Ken Dyer

No. 49, 27
- Positions: Safety, flanker

Personal information
- Born: March 16, 1946 Ann Arbor, Michigan, U.S.
- Died: March 7, 2010 (aged 63) Gilbert, Arizona, U.S.
- Listed height: 6 ft 3 in (1.91 m)
- Listed weight: 190 lb (86 kg)

Career information
- High school: Ann Arbor
- College: Arizona State (1964–1967)
- NFL draft: 1968: 4th round, 100th overall pick

Career history
- San Diego Chargers (1968–1969); Cincinnati Bengals (1969–1971);

Career NFL/AFL statistics
- Interceptions: 3
- Fumble recoveries: 1
- Receptions: 1
- Receiving yards: 22
- Total touchdowns: 1
- Stats at Pro Football Reference

= Ken Dyer =

American football player (1946–2010)

Kenneth James Dyer (March 16, 1946 – March 7, 2010) was an American professional football player who played three seasons with the Cincinnati Bengals and San Diego Chargers. He was selected by the Chargers in the fourth round of the 1968 NFL/AFL draft after played college football at Arizona State University.

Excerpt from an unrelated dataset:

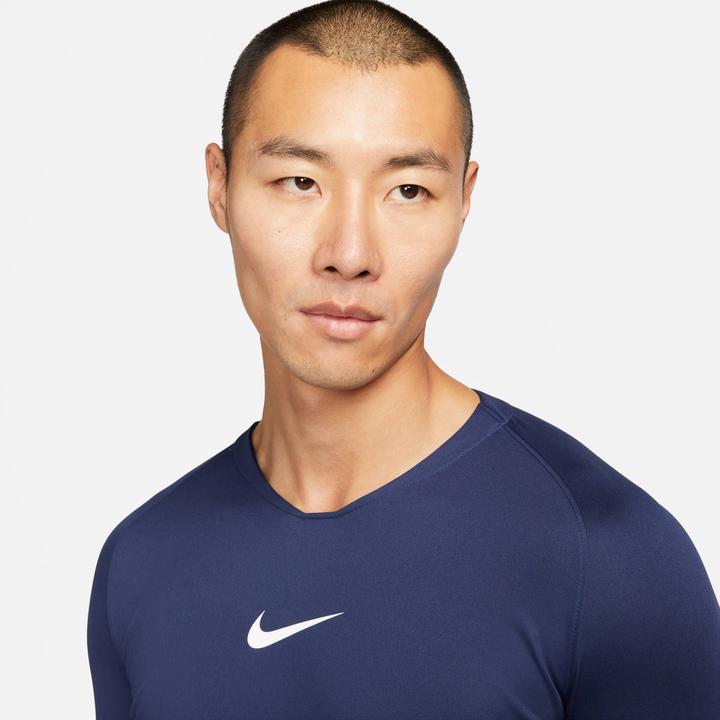 Image du produit Nike Dri-Fit Park First Layer Maillot De Soccer Homme (M)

==Early life and college==
Kenneth James Dyer was born on March 16, 1946, in Ann Arbor, Michigan. He attended Ann Arbor High School in Ann Arbor, participating in football, track, and basketball. He helped the football team win the state title in 1962. Dyer also earned Associated Press first-team All-State honors in football in high school. He set the Michigan high jump record as a senior. He graduated from Ann Arbor High in 1964. Dyer was inducted into the school's athletics hall of fame in 2005.

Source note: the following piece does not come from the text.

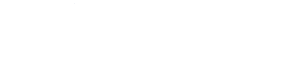 Hospital La Candelaria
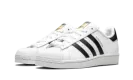 Superstar GS "White" C77154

Dyer was a member of the Arizona State Sun Devils from 1964 to 1967 and a three-year letterman from 1965 to 1967. He began his college career as a wide receiver before converting to tight end in 1967. He caught 20 passes for 215 yards and one touchdown in 1965, 29 passes for 496 yards and two touchdowns in 1966, and 39 passes for 654 yards and four touchdowns in 1967. Dyer also participated in track while at Arizona State.

==Professional career==
Dyer was selected by the San Diego Chargers of the American Football League (AFL) in the fourth round, with the 100th overall pick, of the 1968 NFL/AFL draft. He played in 14 games for the Chargers as a flanker and safety during the 1968 season, recording one reception for 22 yards and one fumble recovery touchdown. He did not appear in any games in 1969 before being released in late October.

Dyer was signed by the Cincinnati Bengals of the AFL in late October 1969 but did not play in any games that year. He appeared in 12 games, starting six, for the Bengals in 1970 as a safety and intercepted three passes for 45 yards. He also started one playoff game in 1970. Dyer played in one game, a start on October 3, 1971, during the 1971 season and broke his neck while attempting to tackle Green Bay Packers running back John Brockington, ending his playing career.

==Personal life==
Dyer served in the United States Army. After his football career, he sold insurance and worked in the industrial chemical industry. He also owned a dry cleaning plant. Dyer coached high school and pop warner football for over 20 years as well.

Dyer died of heart failure on March 7, 2010, in Gilbert, Arizona.